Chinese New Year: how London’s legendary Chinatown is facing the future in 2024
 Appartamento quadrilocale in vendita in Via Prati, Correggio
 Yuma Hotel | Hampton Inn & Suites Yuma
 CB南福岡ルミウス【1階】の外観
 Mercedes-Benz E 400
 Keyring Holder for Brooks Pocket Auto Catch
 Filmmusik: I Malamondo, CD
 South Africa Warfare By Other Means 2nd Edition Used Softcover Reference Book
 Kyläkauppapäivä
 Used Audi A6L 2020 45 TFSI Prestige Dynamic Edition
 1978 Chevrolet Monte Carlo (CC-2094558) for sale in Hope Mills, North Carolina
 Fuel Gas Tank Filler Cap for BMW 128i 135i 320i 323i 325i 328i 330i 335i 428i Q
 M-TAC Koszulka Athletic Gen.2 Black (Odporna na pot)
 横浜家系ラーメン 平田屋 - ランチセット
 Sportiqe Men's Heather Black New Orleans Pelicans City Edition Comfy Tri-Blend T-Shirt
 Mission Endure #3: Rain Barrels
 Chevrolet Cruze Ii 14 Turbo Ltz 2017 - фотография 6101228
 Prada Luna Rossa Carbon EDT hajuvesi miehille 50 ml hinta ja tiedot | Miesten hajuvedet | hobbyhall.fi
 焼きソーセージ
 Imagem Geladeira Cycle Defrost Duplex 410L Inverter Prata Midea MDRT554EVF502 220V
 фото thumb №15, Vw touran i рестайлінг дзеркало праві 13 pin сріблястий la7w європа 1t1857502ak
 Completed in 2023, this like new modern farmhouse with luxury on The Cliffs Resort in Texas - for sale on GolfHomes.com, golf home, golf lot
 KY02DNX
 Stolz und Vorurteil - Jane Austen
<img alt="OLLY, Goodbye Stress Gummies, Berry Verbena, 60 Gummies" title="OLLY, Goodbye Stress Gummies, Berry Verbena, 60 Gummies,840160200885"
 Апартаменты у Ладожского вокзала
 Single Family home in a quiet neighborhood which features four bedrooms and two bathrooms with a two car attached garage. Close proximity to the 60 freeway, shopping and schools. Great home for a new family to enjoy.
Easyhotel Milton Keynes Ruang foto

◇ ◇ ◇

## [YOUR TASK]
Among the entries above, the line containing "Used Audi A6L", the line containing "Mission Endure #3: Rain Barrels", and all lines between them are to be restated word for word; nothing else belongs in the reply.

## [EXERCISE SOLUTION]
 Used Audi A6L 2020 45 TFSI Prestige Dynamic Edition
 1978 Chevrolet Monte Carlo (CC-2094558) for sale in Hope Mills, North Carolina
 Fuel Gas Tank Filler Cap for BMW 128i 135i 320i 323i 325i 328i 330i 335i 428i Q
 M-TAC Koszulka Athletic Gen.2 Black (Odporna na pot)
 横浜家系ラーメン 平田屋 - ランチセット
 Sportiqe Men's Heather Black New Orleans Pelicans City Edition Comfy Tri-Blend T-Shirt
 Mission Endure #3: Rain Barrels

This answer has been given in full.